TASK DESCRIPTION: Write out again, unchanged, the line that has "Thumbnail 2 van 5" and each following line through the end of the entries below; leave pictures out.

Image-caption web data:
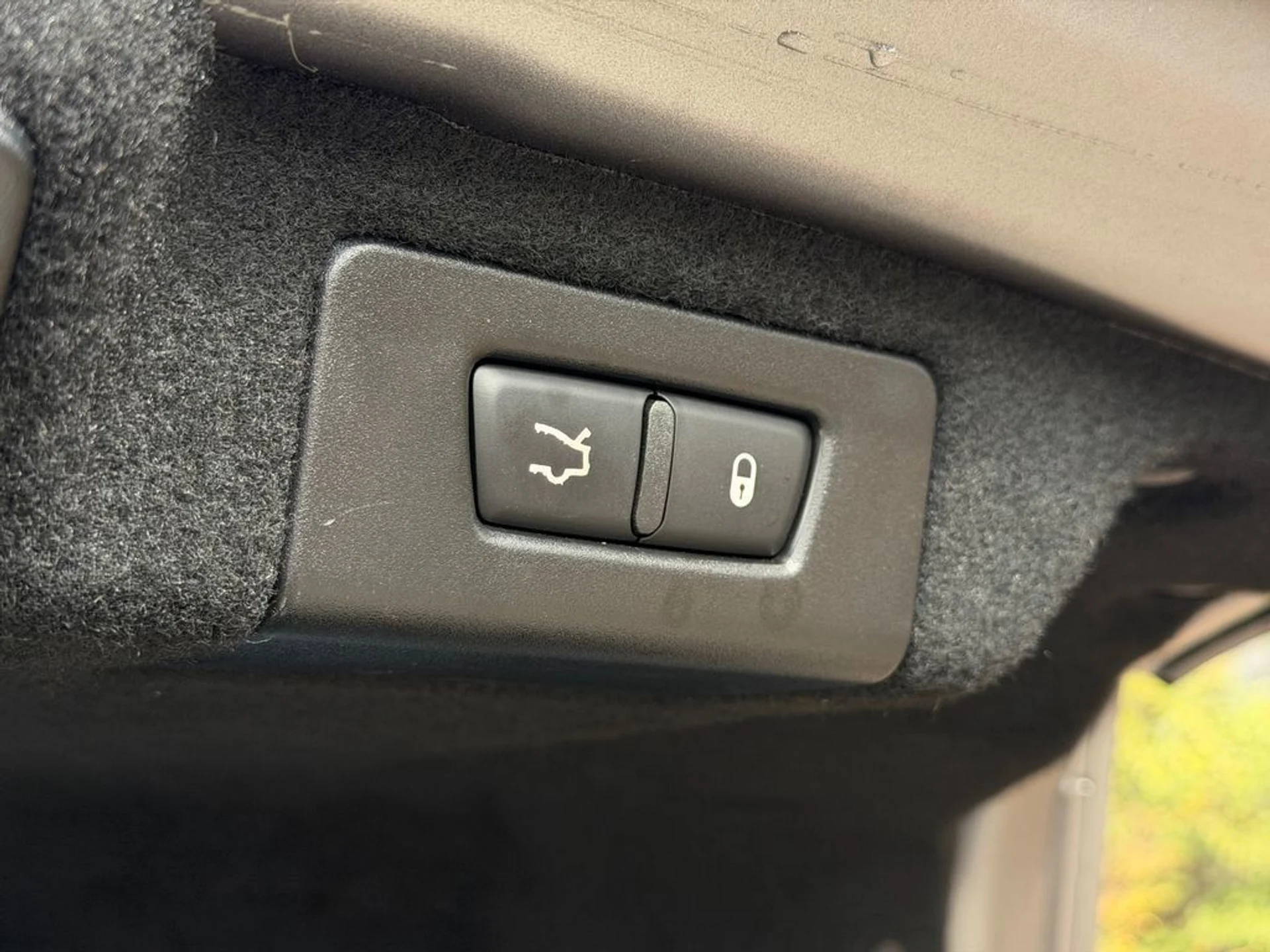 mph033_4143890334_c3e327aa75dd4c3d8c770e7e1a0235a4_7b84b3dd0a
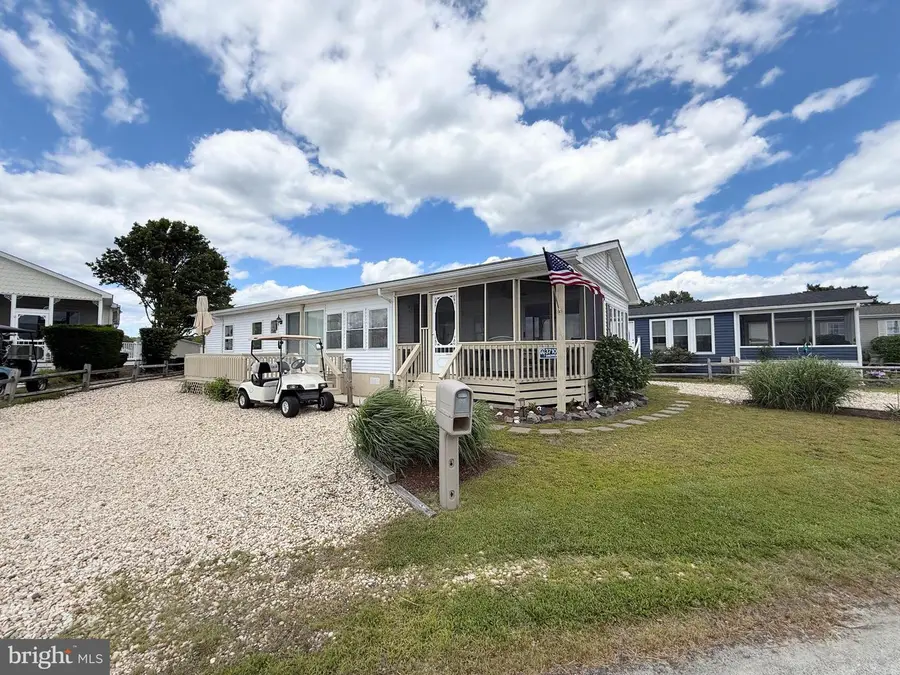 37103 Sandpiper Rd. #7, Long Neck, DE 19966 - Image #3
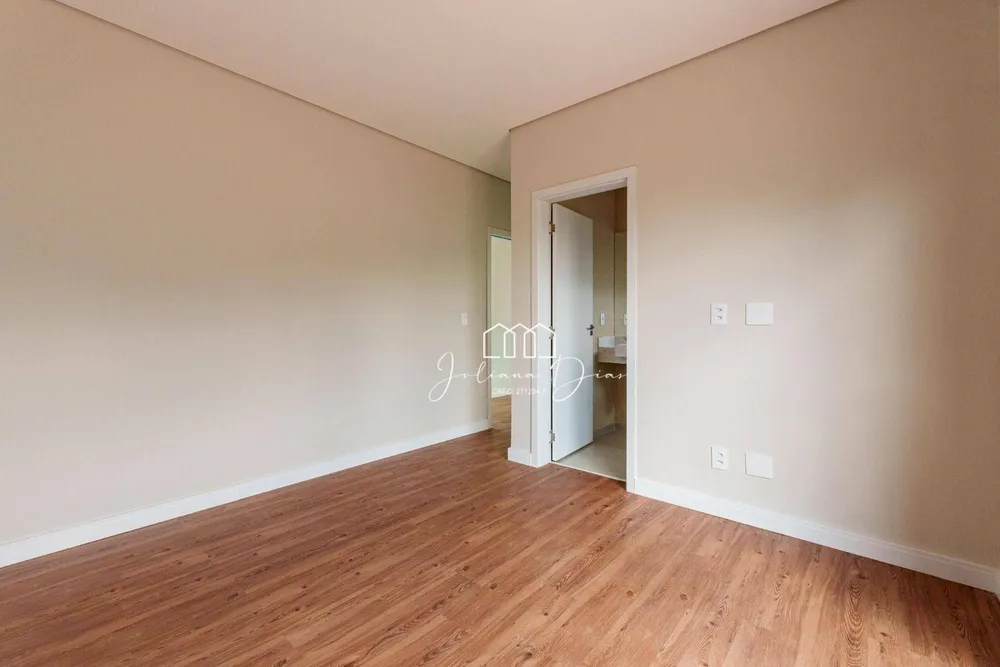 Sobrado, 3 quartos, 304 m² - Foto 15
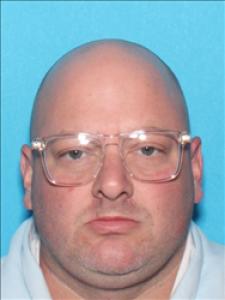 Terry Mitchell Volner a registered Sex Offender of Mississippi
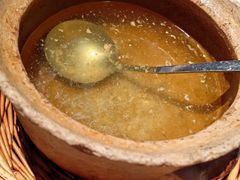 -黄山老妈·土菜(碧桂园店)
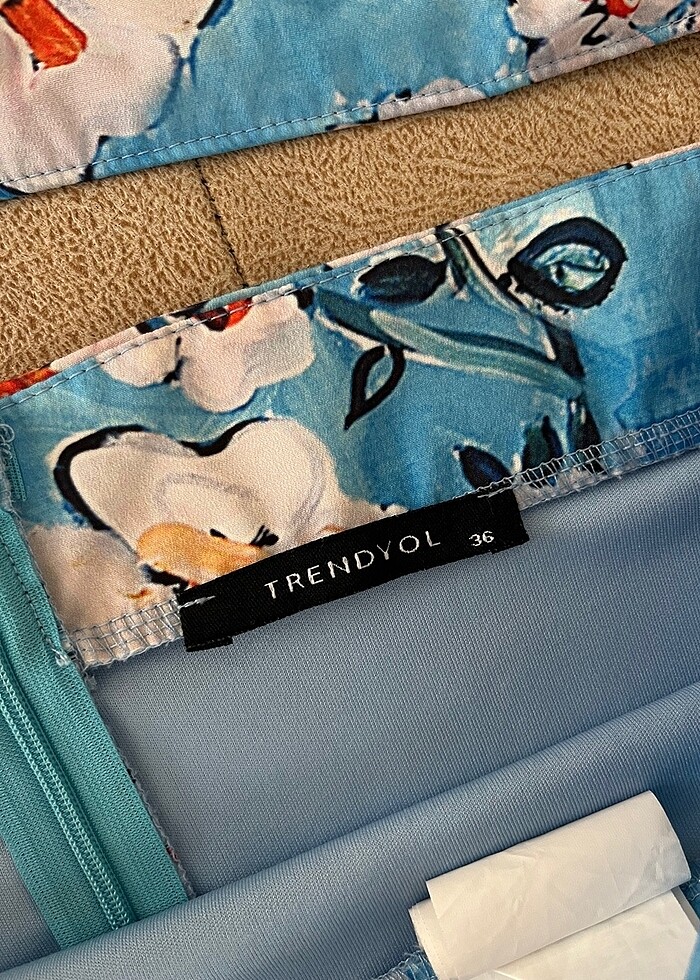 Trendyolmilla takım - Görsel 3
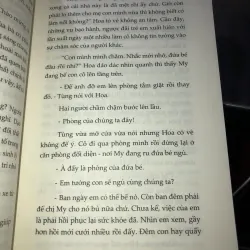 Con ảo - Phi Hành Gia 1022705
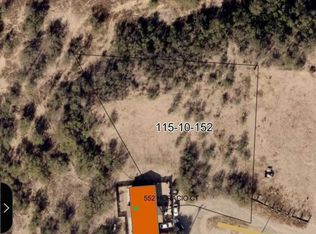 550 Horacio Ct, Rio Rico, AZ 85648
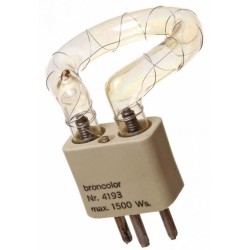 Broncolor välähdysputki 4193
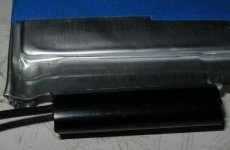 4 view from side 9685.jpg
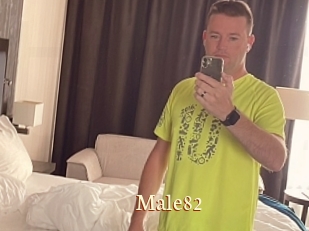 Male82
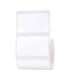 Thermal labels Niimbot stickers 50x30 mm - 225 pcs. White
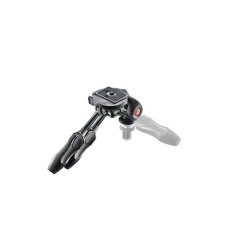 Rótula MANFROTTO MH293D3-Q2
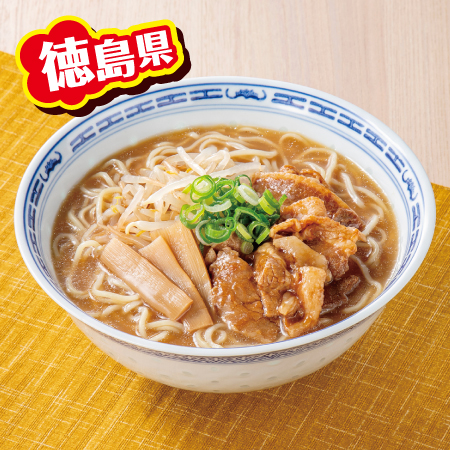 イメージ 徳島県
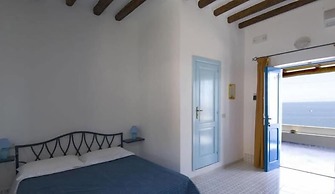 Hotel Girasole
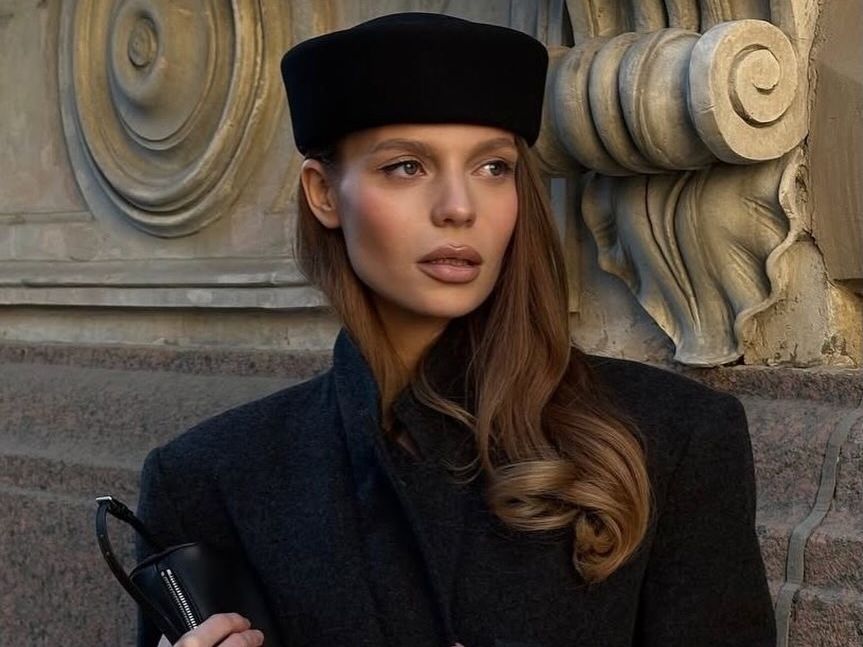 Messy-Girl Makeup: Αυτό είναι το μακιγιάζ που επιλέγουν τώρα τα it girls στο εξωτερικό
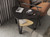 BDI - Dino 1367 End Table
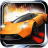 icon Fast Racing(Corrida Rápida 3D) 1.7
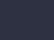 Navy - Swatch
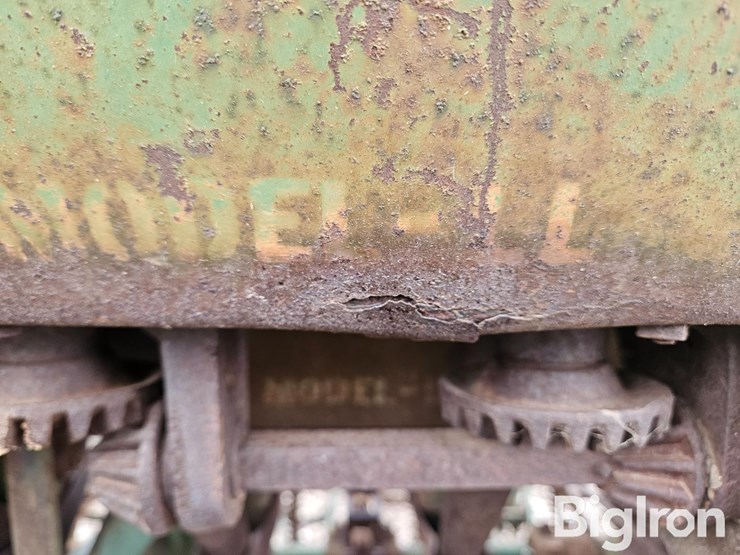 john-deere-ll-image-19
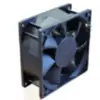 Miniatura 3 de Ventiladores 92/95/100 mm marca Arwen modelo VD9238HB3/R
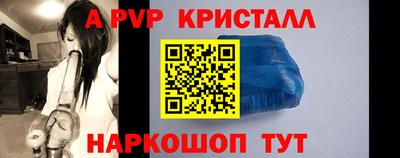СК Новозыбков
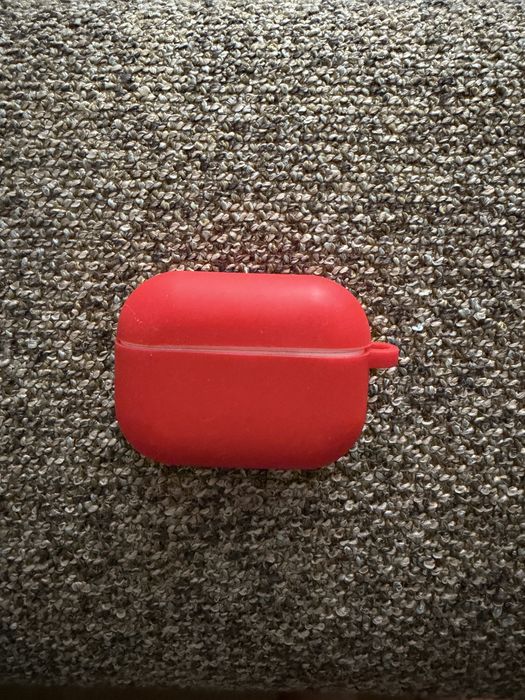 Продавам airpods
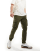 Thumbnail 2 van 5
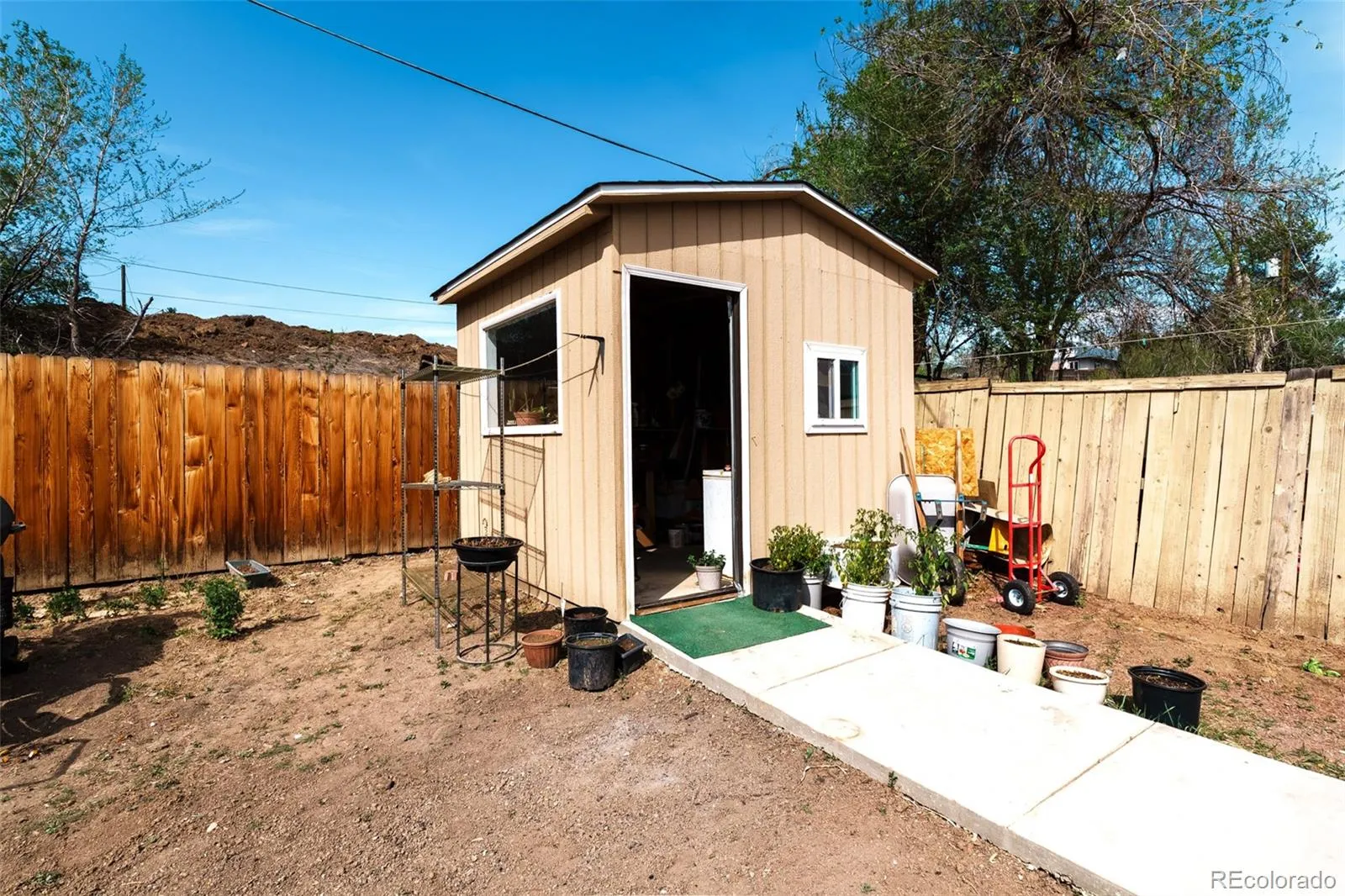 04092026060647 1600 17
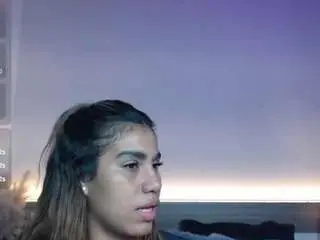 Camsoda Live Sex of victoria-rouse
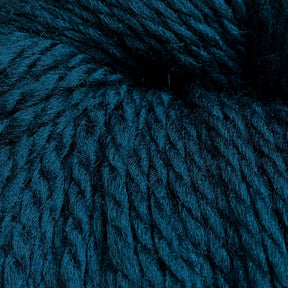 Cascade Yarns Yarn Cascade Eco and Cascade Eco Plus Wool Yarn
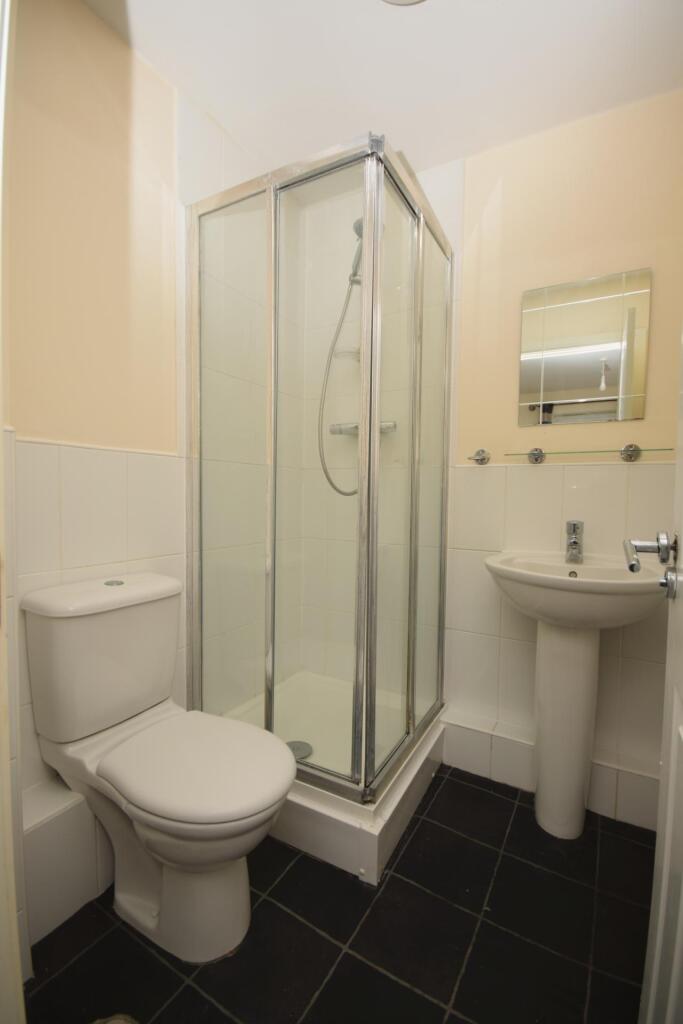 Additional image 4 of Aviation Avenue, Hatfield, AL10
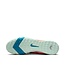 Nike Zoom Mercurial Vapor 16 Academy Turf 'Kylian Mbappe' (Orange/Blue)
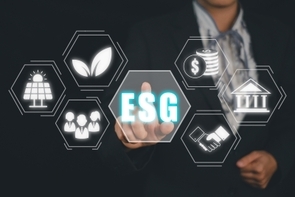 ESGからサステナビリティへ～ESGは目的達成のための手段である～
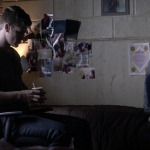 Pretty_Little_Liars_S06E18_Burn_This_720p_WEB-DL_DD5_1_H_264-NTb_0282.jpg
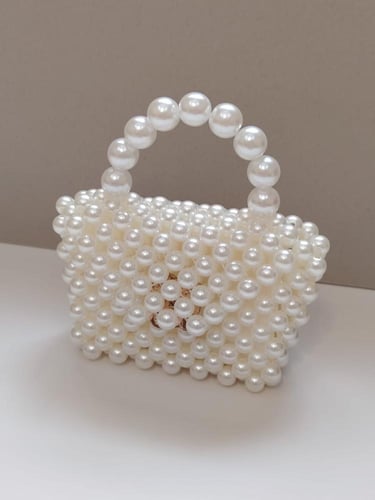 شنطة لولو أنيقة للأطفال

SOLVED PROBLEM:
 Thumbnail 2 van 5
 04092026060647 1600 17
 Camsoda Live Sex of victoria-rouse
 Cascade Yarns Yarn Cascade Eco and Cascade Eco Plus Wool Yarn
 Additional image 4 of Aviation Avenue, Hatfield, AL10
 Nike Zoom Mercurial Vapor 16 Academy Turf 'Kylian Mbappe' (Orange/Blue)
 ESGからサステナビリティへ～ESGは目的達成のための手段である～
 Pretty_Little_Liars_S06E18_Burn_This_720p_WEB-DL_DD5_1_H_264-NTb_0282.jpg
 شنطة لولو أنيقة للأطفال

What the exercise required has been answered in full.